As I wrote in my three-part series on time logging, time analyzing, and time budgeting, life is all about values and the relative priorities you attach to these values.
Priorities imply choice; you get to make a choice in almost everything you do. Every choice involves tradeoffs: when you choose to do something, it implies that you choose not do something else.
Before being sucked into doing anything, ask, “Is this the best use of my time?”
Another way to think about this is in terms of “opportunity cost.” Everything in life has an opportunity cost. Whenever you take up one opportunity, you forfeit another. When you choose to go to a movie with a friend, it means you aren’t going to the library to work on a research paper that’s due next week. When you choose to spend this month’s savings on new furniture, it means you can’t add to your retirement account. So, when making decisions about anything, keep opportunity costs in mind. Be aware of what you’re giving up.
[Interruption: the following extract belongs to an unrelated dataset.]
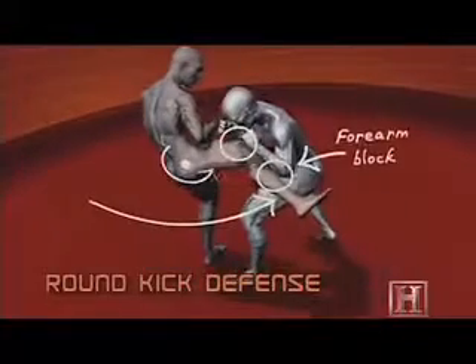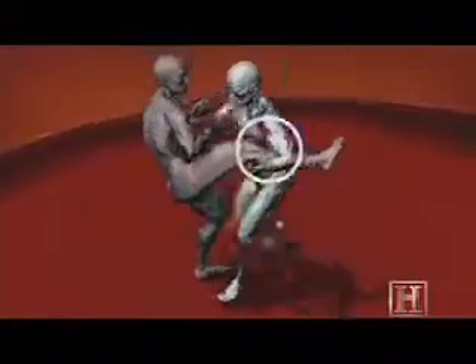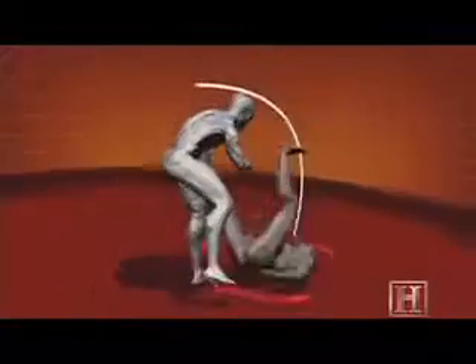By taking control of your opponent's leg, you turn his hip into a pivot point. And there are two forces being imparted about the pivot point — one by the arm above and one by the sweep below.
One of the most important choices you make—often subconsciously—is how you use your time, which is your most important resource. Before doing anything, be aware of what you are giving up; decide whether the benefits are worth the time you’re investing in the task.
The Nagging “5-5-5” Questions
Poor time management often has less to do with your packed schedule than with your indecisive, unorganized, or undisciplined mind. To improve your life, stop wasting time on things that don’t matter. Have a little voice in your head that constantly nags you by asking the following “5-5-5” questions:
- Is this a priority?
- Will this matter in 5 days?
- Will this matter in 5 months?
- Will this matter in 5 years?
The “5-5-5” questions will prevent you from being caught up in little tasks and trivialities that aren’t truly important.
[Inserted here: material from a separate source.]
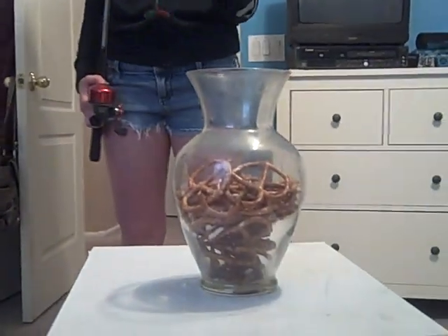This challenge is called worm diving. The object of this challenge is to take this sticky worm, which is exactly 48 inches from the top of the fishing rod, into this vase full of pretzels, hook onto a pretzel, raise it out of the glass, and eat it without touching the line or eating the worm.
Idea for Impact: Be time conscious; constantly ask yourself, “Is this time-effective?”
According to my world’s shortest course on time management, “There are countless things you can do. There are numerous things you want to do. There are several things others expect you to do. There are many things you think you are supposed to do. However, there are only a few things that you must do. Focus on those and avoid the rest.”
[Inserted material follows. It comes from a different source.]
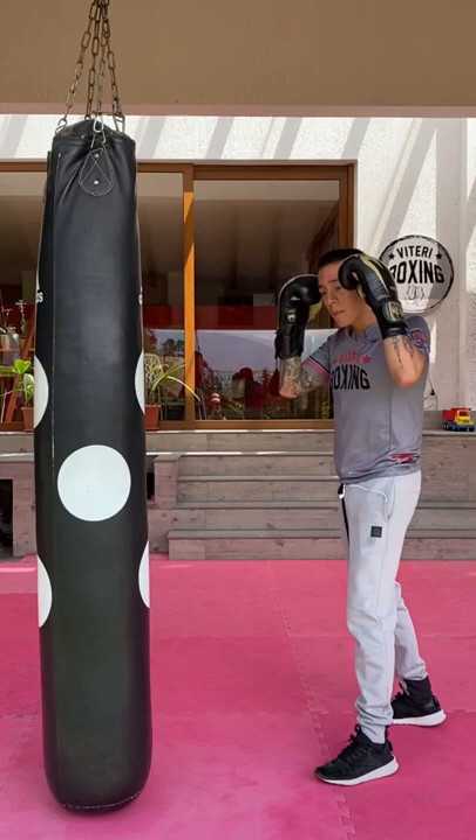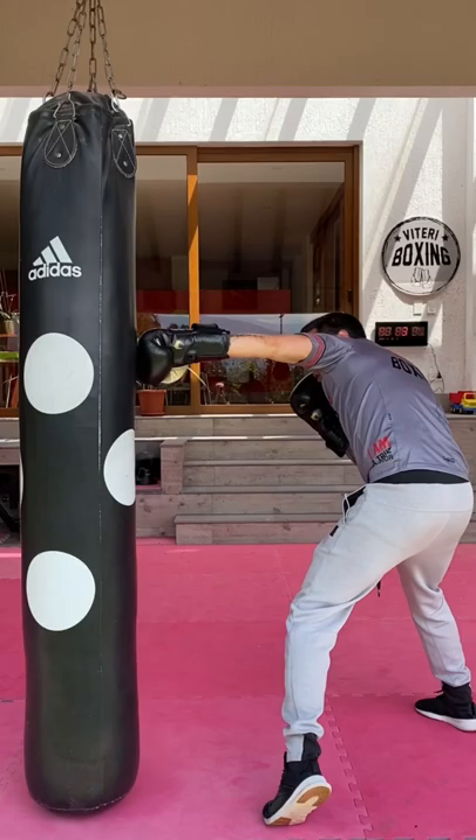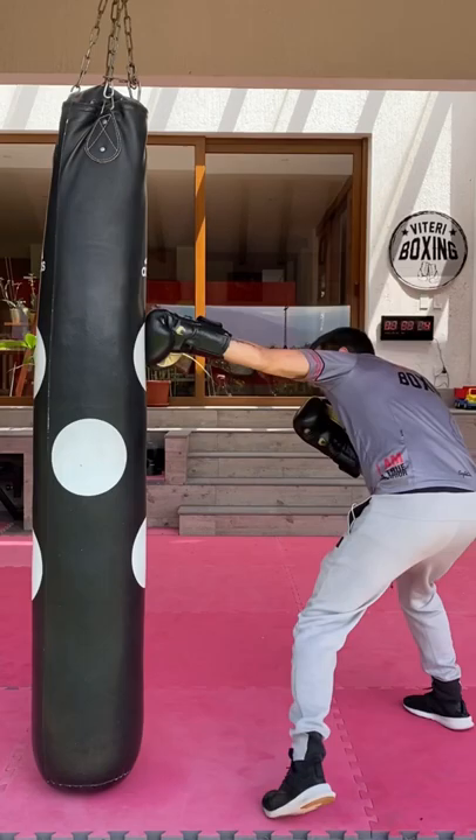For example, if you throw just one punch like a jab, you can throw it with power — transfer your weight to your rear leg. But if you throw a combination of two punches like the one-two, you can't throw the one with a weight transfer and then the two, because it's going to take too long. In that case, you throw the one only as a setup, and you transfer your weight on the second punch, the cross.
As I mentioned in my article “don’t say ‘yes’ when you really want to say ‘no’,” don’t be vulnerable enough to be pulled along by forces that are beyond your control. Be accommodating when you can and assertive when you must. Be intentional about how you choose to use our time. Your life depends on it.
Nadine Richmond says
I have found this information to be very helpful. Although I try my best to practice good organizational skills sometimes I get side tracked. I will be adding the schedule to my daily life to make sure that I stay on track and use my time more wisely. Thank you for sharing.